Luca Foschini Babianese, diplomato al Liceo Scientifico “Gregorio Ricci Curbastro” di Lugo (indirizzo Tecnologico). Raggiunge fasi nazionali di tutte le olimpiadi delle scienze (Matematica, Fisica, Chimica, Informatica) e viene selezionato nella squadra italiana delle Olimpiadi
Informatica nel 2000 (Pechino) e 2001 (Tampere). Rimarrà come assistente allenatore
della squadra Italiana delle Olimpiadi di Informatica fino al 2003. Dopo la maturità entra
al Sant’Anna di Pisa (classificatosi secondo su 273 partecipanti) nel 2001, consegue
Laurea in Ingegneria informatica (con un semestre di anticipo, primo assoluto del Nuovo
Ordinamento nell’Ateneo Pisano) e magistrale, entrambe con 110 e lode, con tesi
magistrale in cybersecurity svolta all’Università della California, Santa Barbara (UCSB).

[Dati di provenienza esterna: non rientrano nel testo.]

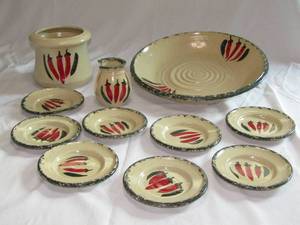 lot 96 image: Contemporary Pottery ceramic serving set signed by artist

Conquistato dalla California costiera, si trasferisce a Santa Barbara nel 2008,
Consegue dottorato in Informatica Teorica nel 2012 con tesi su algoritmi di
approssimazione. Lavora a Google e Ask.com come ingegnere del software allo stesso
tempo. Nel 2012, poche settimane dopo il conseguimento del dottorato, fonda con altri
3 co-fondatori, di cui uno incontrato alle Olimpiadi di Informatica dieci anni prima e
anch’esso emigrato negli USA, Evidation Health, una compagnia che oggi conta 200
dipendenti e ha ricevuto 100M in investimenti totali. A Evidation, Luca ricopre il ruolo di
Chief Data Scientist, occupandosi di ricerca intelligenza artificiale su dati raccolti da
sensori biometrici con applicazioni mediche di ampio spettro. Luca ha pubblicato
numerosi lavori su riviste scientifiche sulla nascente disciplina della “medicina digitale”.
Quando non analizza dati lo trovate a campeggiare in parchi naturali, scalare, o sulle
spiagge di Santa Barbara a fare surf e giocare a beach volley.